# Snapper Rod Blank



## M213690H (Jan 23, 2014)

Looking to build a rod for going out on 10hr party boats out of Galveston. Mainly going for snapper and such. I hate the heavy, cheap, abused rods supplied and am hoping to take more trips in the future. 

Anyway could yall suggest a good blank that won't break the bank and have a good feel to it for such fish. I like to enjoy the fight not horse em up.

Thanks!!!


----------



## Silverfox1 (Feb 21, 2007)

look at Batsons Rainshadow E glass blanks


----------



## justindfish (Aug 12, 2005)

What reel will you be using?


----------



## Fishsurfer (Dec 14, 2014)

Remember, the longer a fish stays on your line offshore the greater the chance of a barracuda or a shark taking it. You will get a good fight right till you pull the hooked lips up to the boat without the rest of the fish. The rod I believe you are thinking of would be better suited for pelagic fish and not demersal. You want to be able to get it up to the boat ASAP.


----------



## M213690H (Jan 23, 2014)

Thanks for the information. I will be using a penn peer 209 that I am rebuilding.


----------



## Batson-Brands (Jan 22, 2015)

M213690H said:


> Looking to build a rod for going out on 10hr party boats out of Galveston. Mainly going for snapper and such. I hate the heavy, cheap, abused rods supplied and am hoping to take more trips in the future.
> 
> Anyway could yall suggest a good blank that won't break the bank and have a good feel to it for such fish. I like to enjoy the fight not horse em up.
> 
> Thanks!!!


The info given up above is good. However here is the information that you requested.

Either a RainShadow Popping or a CrankBait will do great. Just depends on your price range. 
$100+ = Immortal Popping
$100-$50 = RX7 Popping
$65-$40=RX7 Crankbait

http://www.rainshadowrodblanks.com


----------



## Silverfox1 (Feb 21, 2007)

*Blanks*



Batson-Brands said:


> The info given up above is good. However here is the information that you requested.
> 
> Either a RainShadow Popping or a CrankBait will do great. Just depends on your price range.
> $100+ = Immortal Popping
> ...


I was thinking more in the SWB70M or ML for a snapper rod.


----------



## justindfish (Aug 12, 2005)

Rainshadow RCKJB600-210 very parabolic rod but with power great for snapper.


----------



## justindfish (Aug 12, 2005)

I just built one but haven't fished it yet it fells good though.


----------



## MikeK (Dec 11, 2008)

For bottom fishing I really like the Lamiglas CGBT841ML but the last one I built was about 5 years ago and the price has gone up a bit.
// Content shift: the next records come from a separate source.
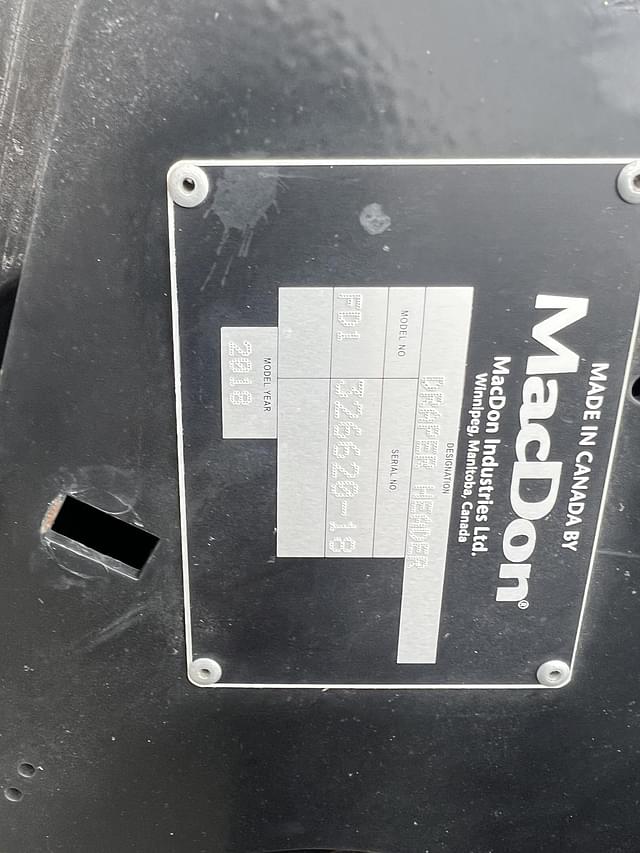 Image of MacDon FD135 equipment image 4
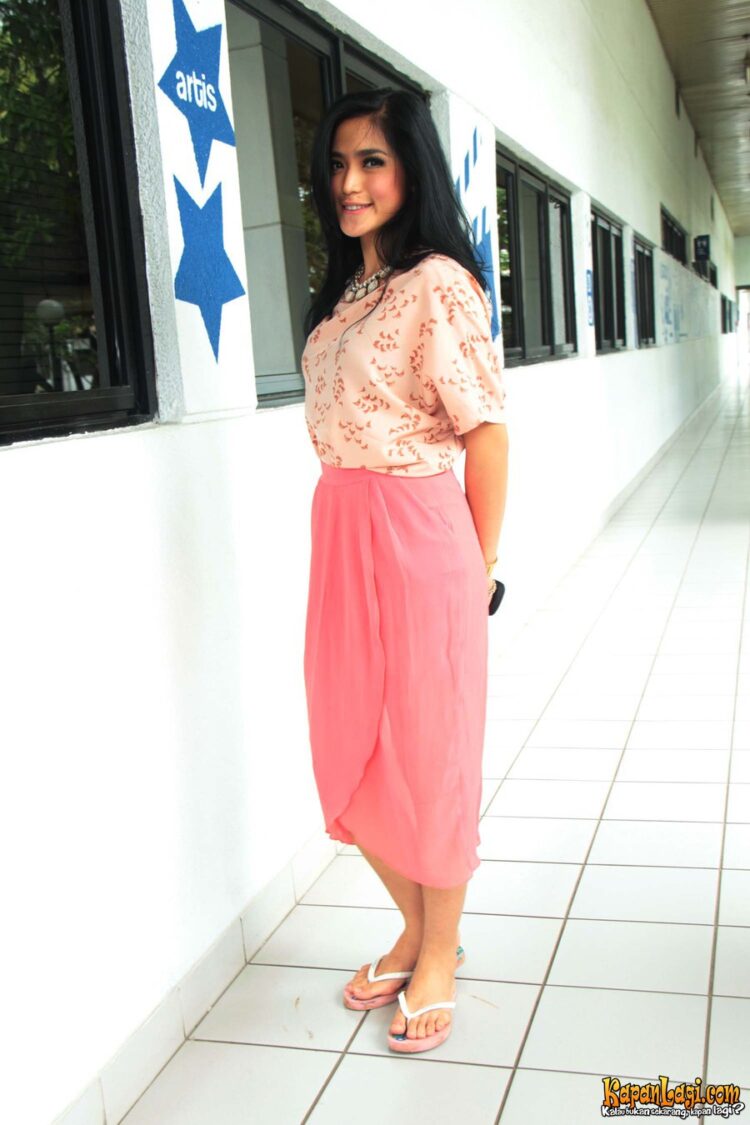 jessica iskandar feet 2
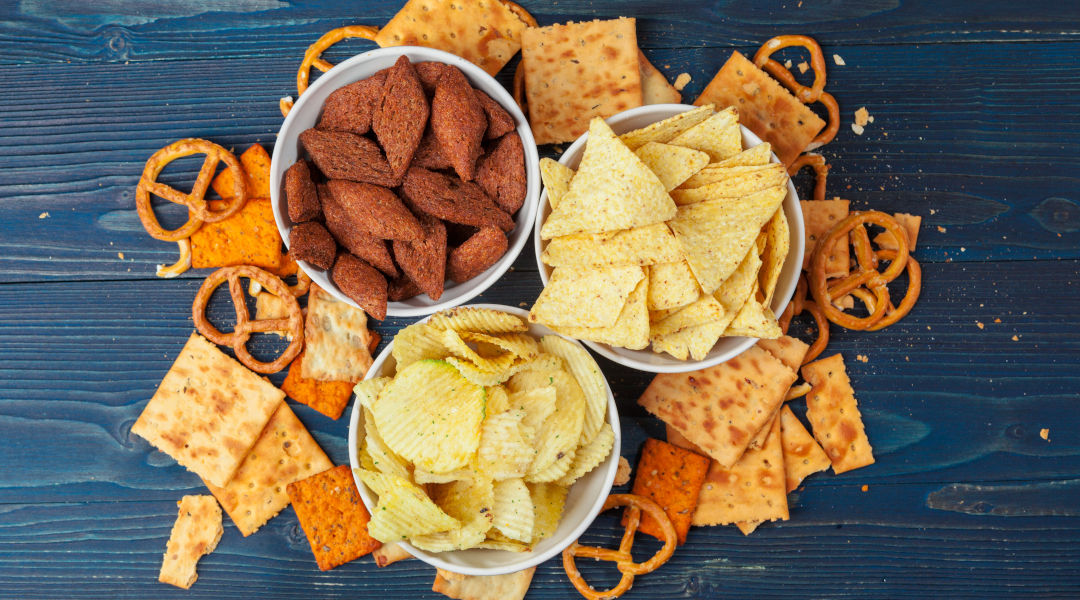 Snacks That Can Make or Break Your Keto Diet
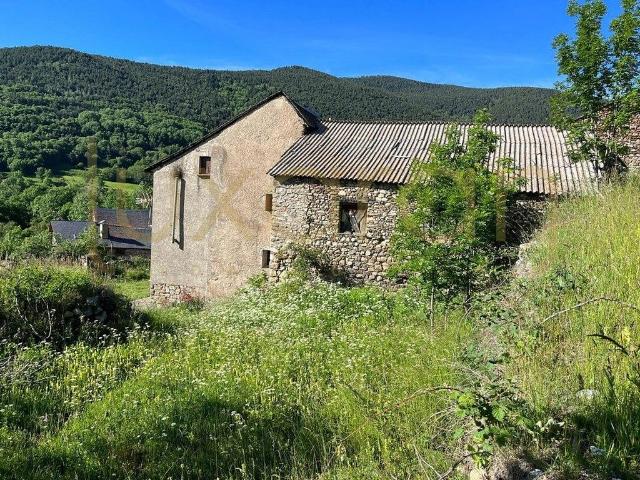 Casa en venta en calle De Sant Pere, Alt Àneu, de 426 m² 8 habitaciones por 417.000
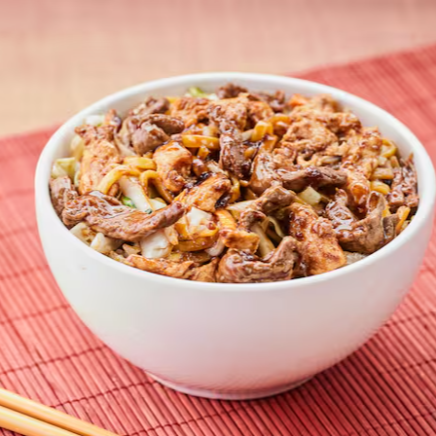 A combinação perfeita de carne, frango, presunto e legumes no macarrão yakisoba frito. Tudo temperado com molho shoyu, especiarias orientais e óleo de gergelim torrado!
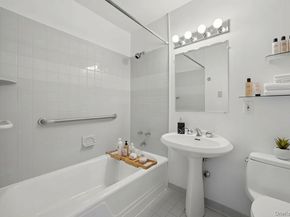 166-25 Powells Cove Boulevard 7E, Beechhurst NY 11357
I knew a fellow who fished for snapper around the rigs off Alabama. Bites were usually way up in the water not on the bottom. He loved one of the original GUSA blanks . . . I think the model was C704DHX.


----------



## M213690H (Jan 23, 2014)

Tons of great information thanks for the quick responses!! I was headed toward lamiglas although @justindfish I really like the numbers on that rainshadow rckjb600-210. Think I am gonna go that route.


----------



## justindfish (Aug 12, 2005)

I just looked at the numbers again and realized I have the RCKJB600-325 in 6' not the 210. 
I was actually trying to show you this blank RCKJB700-250 its my other blank got mixed up with all the numbers and which I have. But if I was using a 209 I would still use my original suggestion. Only go 600-325 if you see yourself using a different reel latter on its pretty stout I'll be fishing it 18+ lbs of drag. The 700-250 is a foot longer and can handle 18lbs easy I'll fish it 12-18lbs will be used with a lexa 400 about the most versatile combo a person could have. . The 209 being good for about 10lbs of drag the 600-210 should work great but most likely not going to fish much more. 

Sorry to add more options but wanted to make sure I told you right. 

But yes the 600-210 would still be my first choice for the 209 just haven't pulled on one but I know the 600-325 is too much for the 209.

Remember that all of these blanks are parabolic I prefer that action they fight amazing but some may not like the bend to the fore grip.


----------



## M213690H (Jan 23, 2014)

I like the parabolic design. @justindfish did you use a spiral wrap or along the spine? Any pics possibly?


----------



## justindfish (Aug 12, 2005)

Yes I used a spiral. It works much better for a parabolic rod.









The 700-250 is on the left OTI ocean extreme 40-60lb on right. The 600-325 only has a butt cap I'm waiting on the mail for parts.

I wasn't going to mention this but personally if I was going to build a custom rod for offshore I would build the 700-250 then upgrade to a lexa 400 when possible. Just my thoughts I'd get a ugly stick jigging rod for the 209. But if you want to use the 209 the blank we talked about should work good.


----------



## justindfish (Aug 12, 2005)

The RCKJB line of blanks are all small diameter and fairly light weight.


----------



## Batson-Brands (Jan 22, 2015)

M213690H said:


> Tons of great information thanks for the quick responses!! I was headed toward lamiglas although @justindfish I really like the numbers on that rainshadow rckjb600-210. Think I am gonna go that route.


Did you get a chance to see the video on them?? 
http://www.rainshadowrodblanks.com/product-line/rx6eglass-knifejigging/


----------



## roundman (May 21, 2004)

i use old Montague rods # 7777 , what the partyboats used years ago, i found a few on ebay over the years around 60.00, had chris at serious custom one of them and havent had a chance to use it yet


----------